AVAILABLE DATA:
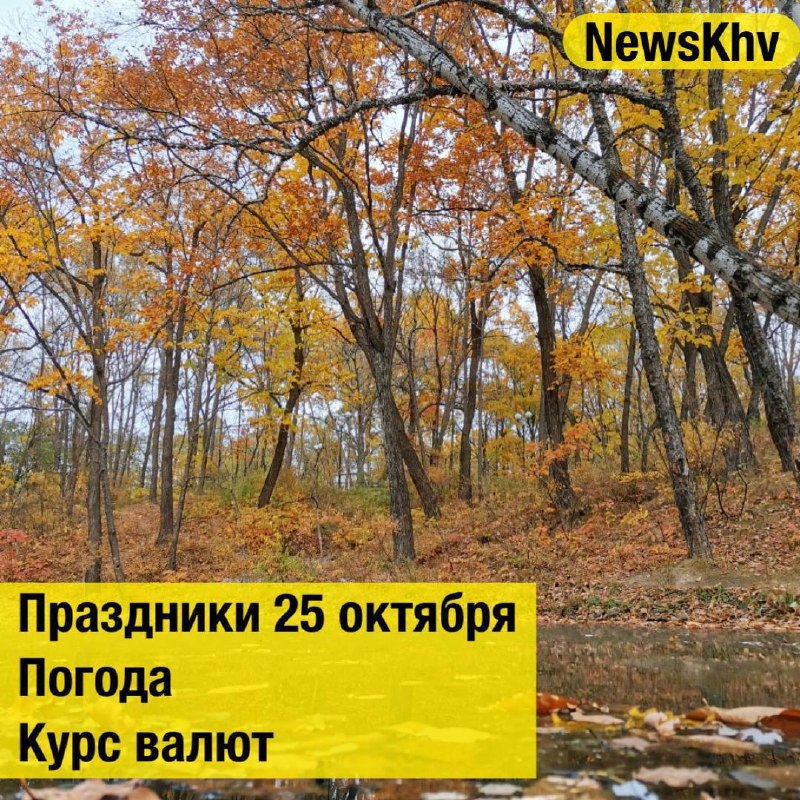 Фото поста канала  NewsKhv
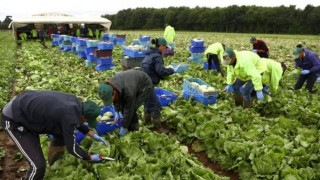 Фермерите на Острова: Без работници от ЕС ни чака глад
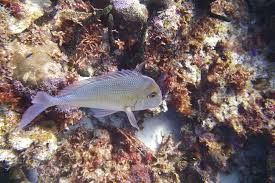 Image result for Calamus nodosus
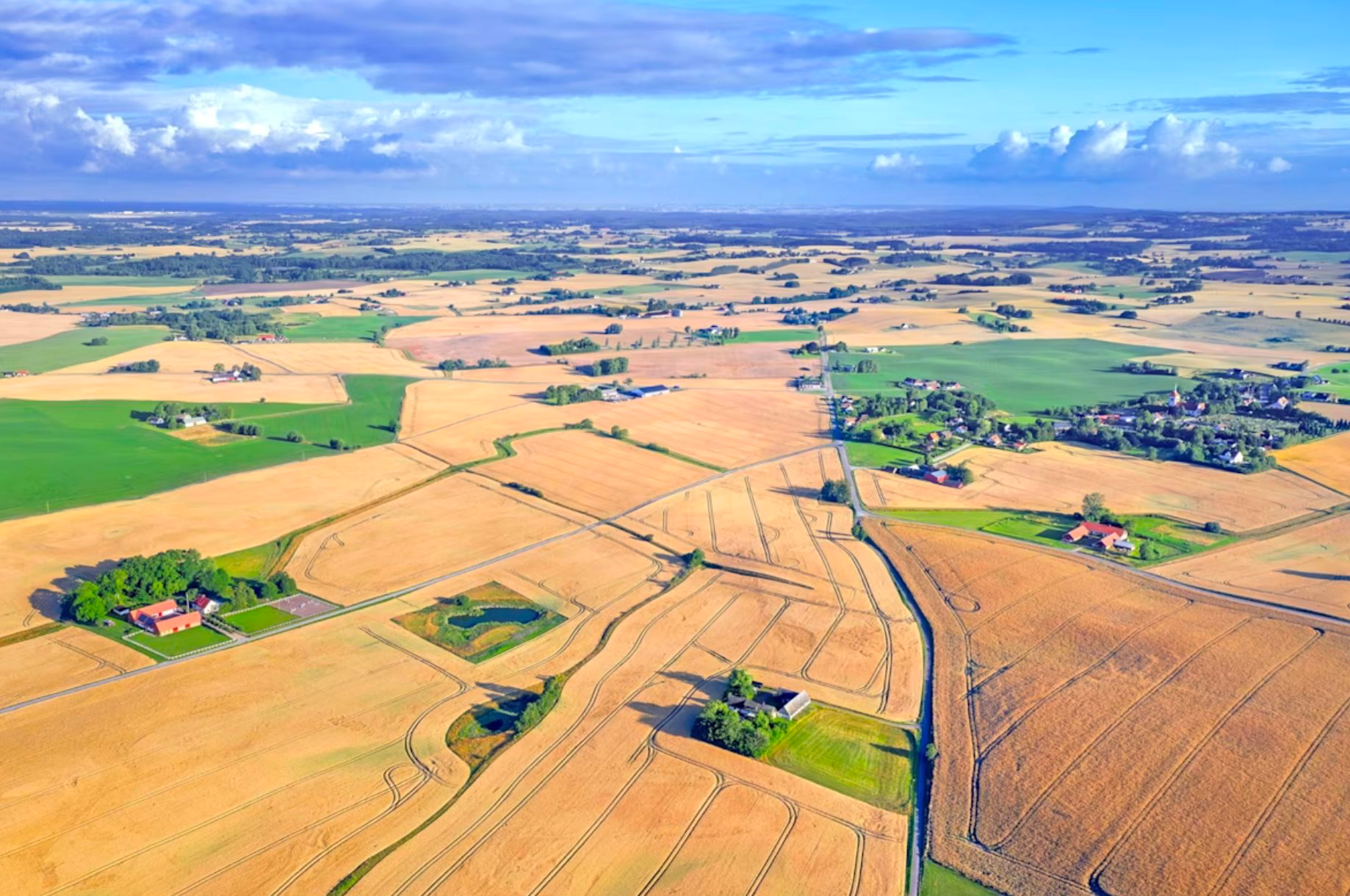 Từ &Aacute; sang &Acirc;u, cả nước gi&agrave;u cho đến c&aacute;c quốc gia đ&ocirc;ng d&acirc;n đều ồ ạt t&iacute;ch trữ loại h&agrave;ng ho&aacute; quan trọng: Chuyện g&igrave; đang xảy ra?- Ảnh 2.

TASK ITEM: Print the listing exactly, but skip its pictures.

RESPONSE TO THE TASK:
 Фото поста канала  NewsKhv
 Фермерите на Острова: Без работници от ЕС ни чака глад
 Image result for Calamus nodosus
 Từ &Aacute; sang &Acirc;u, cả nước gi&agrave;u cho đến c&aacute;c quốc gia đ&ocirc;ng d&acirc;n đều ồ ạt t&iacute;ch trữ loại h&agrave;ng ho&aacute; quan trọng: Chuyện g&igrave; đang xảy ra?- Ảnh 2.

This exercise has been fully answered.